Rossi and Golab wrote: Teachers reported pressure from principals, ’upset’ (euphemism for wild, crazy, and frightening) parents and even other CPS employees who were parents of their students. They said the squeeze was put on them to pass failing students, to give ill students a break or to help athletes. Some felt prodded to goose up grades to help kids graduate, avoid summer school or get into an elite high school (uh ho!). Such heat was twice as common among teachers in high schools, where the push is on to reduce failure rates. (Duncan reform scam at work) One teacher said her school lowered its grading scale and ’still we are pressured to change grades.’

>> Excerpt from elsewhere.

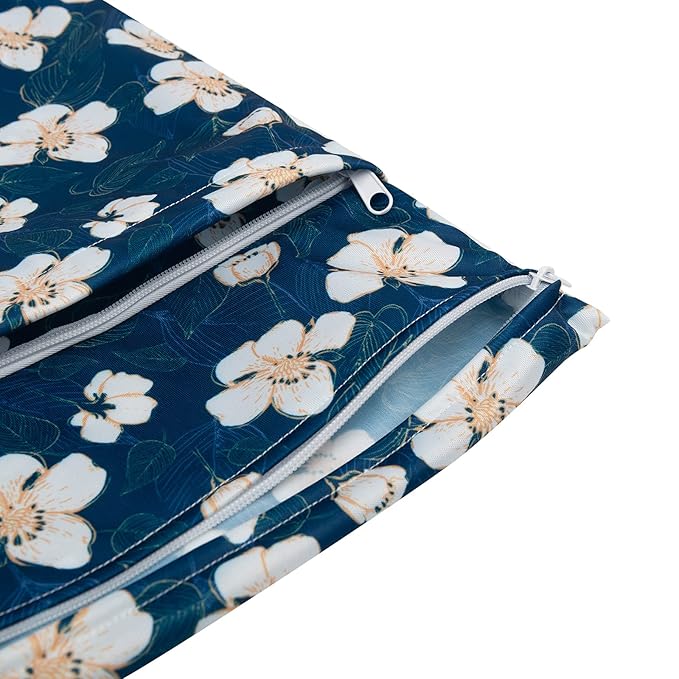 babygoal Wet Dry Bags for Baby Cloth Diapers, Washable Travel Bags, Beach, Pool, Gym Bag for Swimsuits & Wet Clothes with Two Zippered Pockets 4 Pack, 4LN14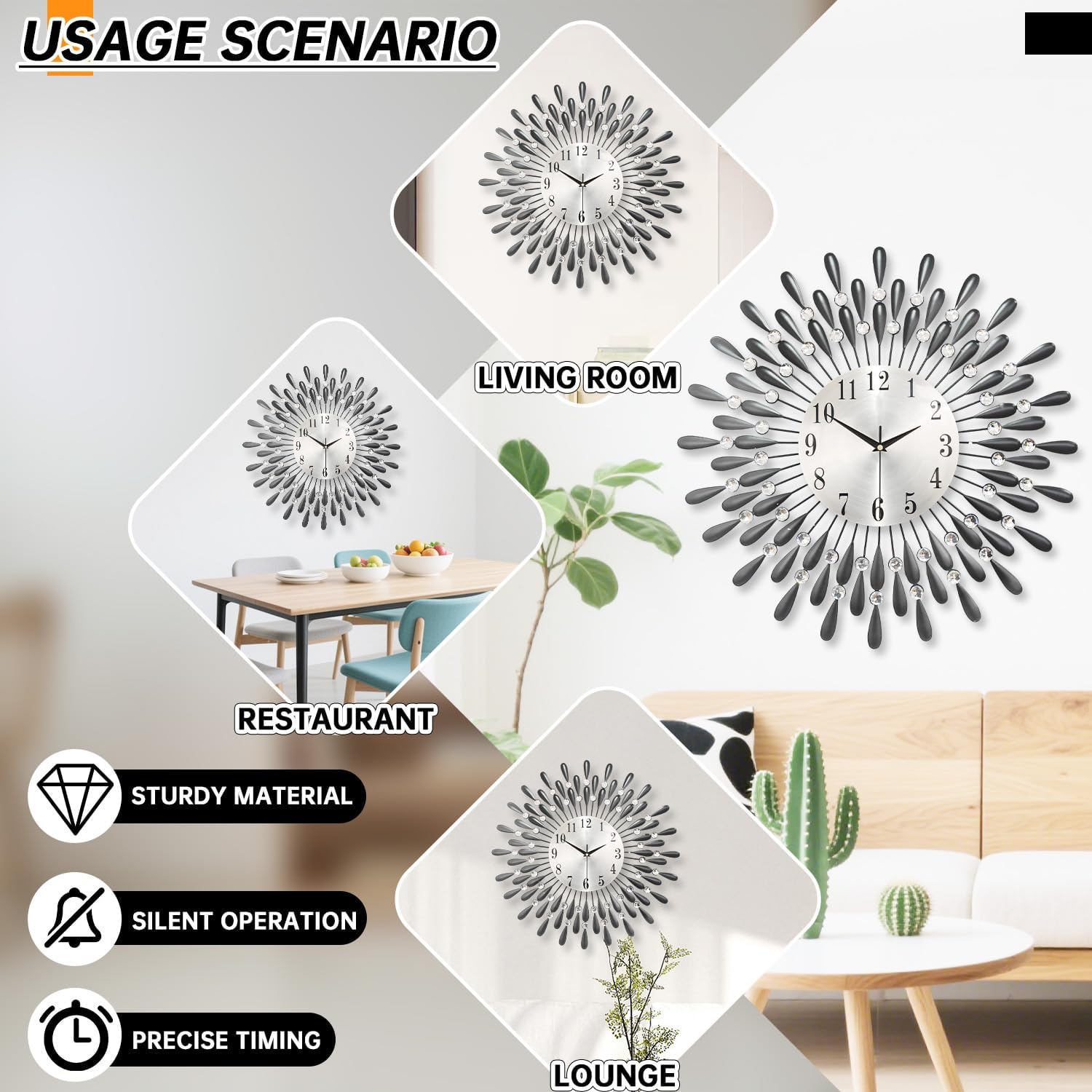 Wall Clock,20inch Decorative Wall Clocks Silent Quality Quartz Battery Operated,Large Wall Clock for Living Room,Kitchen,Home,Bathroom,Bedroom Wall Decor,Black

Look, we are all adults here. Nothing in this materialistic, shallow American society that just happens to be the best place to live on the planet is even close to perfect. After all, this is Chicago where federal prosecutors feed of the dead weight in our city council and this is also the state that sends every other governor to prison. In a town with the likes of Rob Blagojevich, Jesse Jackson, Todd the Stroger, and the Reverend Jeremiah Wright, you gotta expect a grade or two to slip by the Integrity Police. But Chicagoans, we have to draw the line somewhere.

“In a town with the likes of Rob Blagojevich, Jesse Jackson, Todd the Stroger, and the Reverend Jeremiah Wright, you gotta expect a grade or two to slip by the Integrity Police.”

‘It’s in the culture of the schools,’ wrote one experienced high school teacher who raised numerous grades under pressure. You can’t completely be honest in grading students; otherwise the failure rate would be off the chart.’ (If you think that is an alarming quotation, fasten your seat belt and read the next one.) ‘While I am not crazy about it, I am sure it is necessary for a host of reasons,’ wrote another teacher. ‘As the grade coordinator at the school, I am the one that has to actually make the changes.’ (Poor baby, your subpoena is in the mail)

In true Chicago style, the president of the Chicago Principals Association, Clarice Berry, responded, ‘I can imagine teachers would feel pressure. Principals feel pressure. If you call any other city and any other state, you’ll hear the same thing.’ (Translation from unicorn-speak to straight-talk: Everybody’s doing it; you got a problem with that?) In true California speak, the president of the Chicago Teachers Union, Marilyn Stewart, said, ’It’s absolutely a ripple effect,’ Stewart said in response to the Sun-Times CTU survey on grade-changing. ’It causes more work for the next teacher.’ Uh, how about it’s dishonest, immoral, and wrong Ms. Stewart? CPS isn’t Enron or AIG, or Lehman Brothers where we pay people to lie, cheat, and steal; these are kids. They‘re in school, not Congress! But what can you expect from an institution that threw school prayer under the bus and replaced it with Hanna Dakota?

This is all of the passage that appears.